[Ksummit-discuss] [TECH TOPIC] Addressing complex dependencies and semantics (v2)

Tue Aug 2 00:01:56 UTC 2016

On Monday, August 01, 2016 09:03:09 PM Luis R. Rodriguez wrote:
> On Fri, Jul 29, 2016 at 12:13:03PM +0100, Mark Brown wrote:
> > On Fri, Jul 29, 2016 at 09:45:55AM +0200, Hans Verkuil wrote:
> > 
> > > My main problem is not so much with deferred probe (esp. for cyclic dependencies
> > > it is a simple method of solving this, and simple is good). My main problem is
> > > that you can't tell the system that driver A needs to be probed after drivers B,
> > > C and D are probed first.
> > 
> > > That would allow us to get rid of v4l2-async.c which is a horrible hack.
> 
> I'd like to understand the requirement for this a bit better, so someone explaining
> this would be good if this moves forward as a tech session.

One case I'm familiar with is when a device has two (or more) device IDs, where
one is more specific than the other.  The idea being that if the OS has a driver
for that particular device, it will use the more specific device ID (say A) to
look for it, but otherwise it will use the other "generic" ID (say B) to match
against a "generic" driver.

Of course, that only works if the driver for A is probed before the driver for B.

> > > 
> > > That code allows a bridge driver to wait until all dependent drivers are probed.
> > > This really should be core functionality.
> > 
> > > Do other subsystems do something similar like drivers/media/v4l2-core/v4l2-async.c?
> > > Does anyone know?
> > 
> > ASoC does, it has an explicit card driver to join things together and
> > that just defers probe until everything it needs is present.  This was
> > originally open coded in ASoC but once deferred probe was implemented we
> > converted to that.
> 
> OK that's 2.
> 
> Another piece of code that deals with complex dependencies I've recently
> ventured into was the x86 IOMMU stuff. The complexities here are both at
> the built-in init level and also later at probe.
> 
> For the built-in code we have a code run time sort where based on a simple set
> of semantics used to declare dependencies final code that was compiled in is
> sorted out so that the code that needs to initialize first triggers first. hpa
> had suggested long ago that generalizing this was desirable, so I've taken that
> task and have some basic building blocks which are now being proposed in their
> RFC v3 series [0]. If it seems that the run time sort mechanism is left out,
> its correct, upon review with Andy on RFC v2 we don't *yet* need a run time
> sort, even though I expanded on the existing one for IOMMU and strengthened the
> semantics there, its still available on the userspace mockup solution for
> linker tables though [1]. I should note that I did at least determine that
> generalizing a sort for dependency maps which shuffles code at run time
> did not make sense due to the fact that you'd either need to generalize the
> building blocks used for defining a dependency map.

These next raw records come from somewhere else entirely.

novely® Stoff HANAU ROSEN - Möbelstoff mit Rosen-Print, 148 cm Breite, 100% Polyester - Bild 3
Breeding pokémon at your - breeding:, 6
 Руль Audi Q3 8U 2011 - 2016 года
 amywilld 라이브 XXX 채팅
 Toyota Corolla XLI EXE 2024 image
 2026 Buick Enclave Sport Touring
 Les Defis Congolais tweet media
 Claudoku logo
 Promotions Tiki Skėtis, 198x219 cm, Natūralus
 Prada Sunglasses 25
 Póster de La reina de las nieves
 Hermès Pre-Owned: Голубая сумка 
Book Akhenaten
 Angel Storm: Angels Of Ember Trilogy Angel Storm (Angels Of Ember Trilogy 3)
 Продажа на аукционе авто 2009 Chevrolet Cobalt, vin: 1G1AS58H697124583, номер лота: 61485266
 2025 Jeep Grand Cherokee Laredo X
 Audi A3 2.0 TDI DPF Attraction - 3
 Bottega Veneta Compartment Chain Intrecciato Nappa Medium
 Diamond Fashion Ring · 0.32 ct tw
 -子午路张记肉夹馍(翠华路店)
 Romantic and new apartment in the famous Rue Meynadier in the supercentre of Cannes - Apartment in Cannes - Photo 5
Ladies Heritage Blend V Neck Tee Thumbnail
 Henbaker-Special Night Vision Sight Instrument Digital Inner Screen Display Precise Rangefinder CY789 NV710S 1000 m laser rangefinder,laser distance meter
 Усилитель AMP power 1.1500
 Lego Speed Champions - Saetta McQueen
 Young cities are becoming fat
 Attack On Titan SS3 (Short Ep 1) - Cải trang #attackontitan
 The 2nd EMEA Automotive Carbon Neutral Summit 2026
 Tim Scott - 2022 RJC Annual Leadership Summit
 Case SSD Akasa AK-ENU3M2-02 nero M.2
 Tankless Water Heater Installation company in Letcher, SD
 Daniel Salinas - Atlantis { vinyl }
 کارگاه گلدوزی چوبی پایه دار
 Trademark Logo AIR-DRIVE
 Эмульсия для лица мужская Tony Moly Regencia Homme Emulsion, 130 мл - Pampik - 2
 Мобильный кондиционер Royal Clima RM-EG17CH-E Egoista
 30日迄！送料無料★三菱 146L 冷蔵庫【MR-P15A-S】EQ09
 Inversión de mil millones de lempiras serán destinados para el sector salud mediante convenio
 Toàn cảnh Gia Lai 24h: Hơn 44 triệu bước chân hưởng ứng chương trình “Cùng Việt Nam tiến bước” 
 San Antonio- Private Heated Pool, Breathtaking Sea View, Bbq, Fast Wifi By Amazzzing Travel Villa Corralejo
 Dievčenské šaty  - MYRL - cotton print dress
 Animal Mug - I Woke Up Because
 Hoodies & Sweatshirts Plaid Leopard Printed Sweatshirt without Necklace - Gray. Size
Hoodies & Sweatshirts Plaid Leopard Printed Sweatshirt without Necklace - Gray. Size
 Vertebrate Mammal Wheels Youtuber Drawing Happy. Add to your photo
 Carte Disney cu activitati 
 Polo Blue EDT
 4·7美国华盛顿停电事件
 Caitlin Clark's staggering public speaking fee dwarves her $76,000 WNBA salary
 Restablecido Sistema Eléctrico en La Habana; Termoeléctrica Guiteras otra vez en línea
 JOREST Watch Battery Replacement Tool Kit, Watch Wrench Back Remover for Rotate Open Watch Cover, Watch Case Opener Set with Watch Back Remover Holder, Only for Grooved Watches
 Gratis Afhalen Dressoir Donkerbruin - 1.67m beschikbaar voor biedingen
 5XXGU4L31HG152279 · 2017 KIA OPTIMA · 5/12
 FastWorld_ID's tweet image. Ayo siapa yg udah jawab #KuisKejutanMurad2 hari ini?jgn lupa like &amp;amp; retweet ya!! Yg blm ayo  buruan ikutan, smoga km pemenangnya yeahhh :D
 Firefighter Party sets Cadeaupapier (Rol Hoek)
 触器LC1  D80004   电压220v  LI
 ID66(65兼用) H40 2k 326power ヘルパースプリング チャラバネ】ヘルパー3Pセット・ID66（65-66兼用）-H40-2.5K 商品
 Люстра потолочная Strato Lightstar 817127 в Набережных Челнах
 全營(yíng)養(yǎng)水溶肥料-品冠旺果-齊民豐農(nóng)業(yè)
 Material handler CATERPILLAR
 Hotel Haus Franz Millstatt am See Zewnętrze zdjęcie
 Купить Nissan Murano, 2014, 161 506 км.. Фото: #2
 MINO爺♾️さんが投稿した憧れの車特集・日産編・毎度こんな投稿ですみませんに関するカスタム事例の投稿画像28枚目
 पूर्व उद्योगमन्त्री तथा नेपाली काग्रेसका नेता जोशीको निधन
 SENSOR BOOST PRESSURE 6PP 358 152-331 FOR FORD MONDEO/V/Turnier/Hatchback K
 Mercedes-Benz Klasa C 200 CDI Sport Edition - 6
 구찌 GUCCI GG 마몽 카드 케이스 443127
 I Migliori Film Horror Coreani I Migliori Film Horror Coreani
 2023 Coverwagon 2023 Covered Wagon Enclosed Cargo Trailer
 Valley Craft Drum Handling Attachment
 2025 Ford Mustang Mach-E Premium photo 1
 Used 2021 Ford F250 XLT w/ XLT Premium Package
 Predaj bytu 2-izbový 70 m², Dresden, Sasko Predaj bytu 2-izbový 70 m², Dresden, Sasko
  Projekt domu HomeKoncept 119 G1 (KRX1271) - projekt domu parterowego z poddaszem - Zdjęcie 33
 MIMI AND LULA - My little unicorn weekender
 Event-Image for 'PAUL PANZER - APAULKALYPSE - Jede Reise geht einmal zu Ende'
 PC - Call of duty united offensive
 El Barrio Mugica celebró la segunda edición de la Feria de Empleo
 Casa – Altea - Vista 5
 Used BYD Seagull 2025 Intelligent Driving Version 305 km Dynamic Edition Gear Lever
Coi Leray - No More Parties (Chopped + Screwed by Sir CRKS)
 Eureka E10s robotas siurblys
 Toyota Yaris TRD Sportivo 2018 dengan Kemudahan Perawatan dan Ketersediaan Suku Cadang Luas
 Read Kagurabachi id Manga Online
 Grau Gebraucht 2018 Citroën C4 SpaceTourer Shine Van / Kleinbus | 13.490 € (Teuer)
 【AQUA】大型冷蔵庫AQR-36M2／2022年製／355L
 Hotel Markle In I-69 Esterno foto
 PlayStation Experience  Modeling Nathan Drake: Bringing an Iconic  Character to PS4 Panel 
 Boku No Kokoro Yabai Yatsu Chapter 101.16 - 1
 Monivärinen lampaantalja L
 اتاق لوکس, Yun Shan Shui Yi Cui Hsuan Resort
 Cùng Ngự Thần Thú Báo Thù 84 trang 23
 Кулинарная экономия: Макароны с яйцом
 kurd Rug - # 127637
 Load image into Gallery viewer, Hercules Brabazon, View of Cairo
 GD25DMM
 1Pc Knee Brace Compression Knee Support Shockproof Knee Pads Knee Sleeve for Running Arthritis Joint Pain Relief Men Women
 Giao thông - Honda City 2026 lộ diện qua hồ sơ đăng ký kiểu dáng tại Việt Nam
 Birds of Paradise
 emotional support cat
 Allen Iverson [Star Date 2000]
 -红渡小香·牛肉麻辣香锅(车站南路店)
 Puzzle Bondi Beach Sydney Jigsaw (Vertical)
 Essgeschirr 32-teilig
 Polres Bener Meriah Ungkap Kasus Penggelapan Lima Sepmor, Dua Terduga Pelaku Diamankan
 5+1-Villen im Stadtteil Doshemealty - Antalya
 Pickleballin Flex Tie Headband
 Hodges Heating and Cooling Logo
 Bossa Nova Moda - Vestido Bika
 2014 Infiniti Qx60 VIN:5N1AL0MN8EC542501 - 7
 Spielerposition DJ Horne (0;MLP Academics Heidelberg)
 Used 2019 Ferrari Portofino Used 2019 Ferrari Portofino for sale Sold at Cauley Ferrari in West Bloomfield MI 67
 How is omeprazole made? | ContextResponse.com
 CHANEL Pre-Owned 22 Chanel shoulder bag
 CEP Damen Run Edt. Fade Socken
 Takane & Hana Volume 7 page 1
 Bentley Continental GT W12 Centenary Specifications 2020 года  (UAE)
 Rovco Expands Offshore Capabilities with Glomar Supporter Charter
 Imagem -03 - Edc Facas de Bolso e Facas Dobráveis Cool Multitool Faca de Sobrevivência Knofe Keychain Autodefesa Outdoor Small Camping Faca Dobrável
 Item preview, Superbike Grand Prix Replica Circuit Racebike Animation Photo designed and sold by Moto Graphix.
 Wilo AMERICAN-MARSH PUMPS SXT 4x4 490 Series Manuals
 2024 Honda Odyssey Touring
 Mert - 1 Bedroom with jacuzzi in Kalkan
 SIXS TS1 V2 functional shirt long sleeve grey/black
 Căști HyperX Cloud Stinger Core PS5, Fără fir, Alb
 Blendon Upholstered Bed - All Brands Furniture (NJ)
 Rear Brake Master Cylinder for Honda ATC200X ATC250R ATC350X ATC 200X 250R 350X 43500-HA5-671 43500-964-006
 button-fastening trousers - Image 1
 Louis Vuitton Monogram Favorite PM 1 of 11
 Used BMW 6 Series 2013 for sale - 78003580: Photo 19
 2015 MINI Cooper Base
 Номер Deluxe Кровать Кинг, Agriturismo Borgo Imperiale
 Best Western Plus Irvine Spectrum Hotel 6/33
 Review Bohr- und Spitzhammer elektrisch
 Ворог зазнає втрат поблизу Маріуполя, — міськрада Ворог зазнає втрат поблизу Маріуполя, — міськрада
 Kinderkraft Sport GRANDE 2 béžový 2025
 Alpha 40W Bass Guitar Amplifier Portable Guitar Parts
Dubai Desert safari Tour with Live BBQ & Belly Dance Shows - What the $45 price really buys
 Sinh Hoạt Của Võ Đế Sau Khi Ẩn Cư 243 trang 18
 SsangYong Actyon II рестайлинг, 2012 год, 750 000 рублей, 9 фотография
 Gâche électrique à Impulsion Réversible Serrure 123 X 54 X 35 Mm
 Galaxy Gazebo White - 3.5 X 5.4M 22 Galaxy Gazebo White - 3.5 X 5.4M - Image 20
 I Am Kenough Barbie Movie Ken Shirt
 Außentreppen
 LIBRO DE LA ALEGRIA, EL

If you move one item used
> for init from the end to the front, your iteration function must use the same
> structure in the same way. Run time sorts for code sections then are left up
> to each subsystem to implement. On x86, I evaluated sorting out dependencies
> further, for instance on setup_arch() -- however it just seemed not needed
> at this point. For other subsystems this may make more sense.
> 
> At the probe level IOMMUs face another issue when dealing with GPU drivers.
> The kernel has 7 levels of initialization possible (pure_initcall() == 0,
> core_initcall() == 1, ..., fs_initcall() == 5, device_initcall() == 6,
> late_initcall() == 7), module_init() maps to device_initcall(), but modules may
> also use late_initcall() if they know a driver built-in needs to definitely run
> very late. Naturally if you're not a piece of code running very early on, and
> you want the option to be a module as well (device_initcall == 6) then you
> really only have at your disposal two levels available before you get to an end
> device driver. It turns out that for GPU drivers this is not enough to map out
> enough dependencies at the higher level, so the only next best solution
> available is to implicitly rely on linker order. This is the case for ordering
> logistics between AMD IOMMU v1, AMD IOMMUv2 (depends on AMD IOMMU v1), and
> AMD KFD driver, and the AMD radeon driver:
> 
> 0. AMD IOMMUv1:    arch/x86/kernel/pci-dma.c
> 1. AMD IOMMUv2:    drivers/iommu/amd_iommu_v2.c
> 2. AMD KFD:        drivers/gpu/drm/amd/amdkfd/kfd_module.c
> 3. AMD Radeon:     drivers/gpu/drm/radeon/radeon_drv.c
> 
> For details refer to a recent discussion on this [2].
> 
> Using linker tables for initialization should enable us to scale initialization
> levels well beyond 7 levels, in fact this could be however long an ASCII string
> is acceptable in C as the order level is stored as a string (part of the section
> name) and also enable each subsystem to have its own set of levels / heuristics
> for initialization as well. Ordering would actually be done at link time, so
> the code is already ordered *iff* all dependency heuristics are available at
> compilation time. If dependency information can only be available at run time,
> a run time sort is optional but using the existing x86 IOMMU code as an example
> and precedent (and considering my expanded stricter semantics) -- in the future
> this can be an option for any subsystem as well as a supplement.
> 
> My interest in the media controller and the SAT solver is I consider the run
> time sort nothing but a sloppy hack (see my userspace tree for tons of
> semantics fixes), and formalizing this to something more concrete that can be
> generic should be more useful to other parts of the kernel. This is why I
> wanted to discuss these things. Is there a generic common goal here and
> can we share code ? If so what would that look like ?
> 
> My impression at first is that linker-time dependencies should suffice to cover
> a lot cases, but that should still mean then that binutils ld SORT() could
> potentially be enhanced further in the future, specially if a simple dependency
> map could be expressed. For instance can we make it run faster, or would
> having it interpret certain other criteria enable us to use a SAT solver
> to optimize dependency resolution / ordering. Then there is run time sorting
> and optimization -- but the same questions apply here.
> 
> I think a fruitful session would be to:
> 
>   o review / explain each of the complex ordering problems from different
>     kernel subsystems
>   o review / explain existing solutions to these problems
>   o finally try to figure out if a common solution is possible, both
>     short term and long term
> 
> [0] https://lkml.kernel.org/r/1469222687-1600-1-git-send-email-mcgrof@kernel.org
> [1] https://git.kernel.org/cgit/linux/kernel/git/mcgrof/linker-tables.git/
> [2] https://lkml.kernel.org/r/1464311916-10065-1-git-send-email-mcgrof@kernel.org

I'm still wondering why probe ordering is special and suspend-resume and runtime
PM ordering isn't (and shutdown ordering too, for that matter).

In the majority of cases when probe ordering matters, suspend/resume and runtime
PM ordering matters too, so considering one of them alone doesn't seem very
useful to me.

Now, even if you can address probe ordering issues by using some link-time
methods and similar, runtime PM is async by nature and suspend/resume is
async for many devices too (for efficiency reasons) and the only approach
that works here is to have the dependencies represented as data somehow
and use those when you need to carry out the operation.

Thanks,
Rafael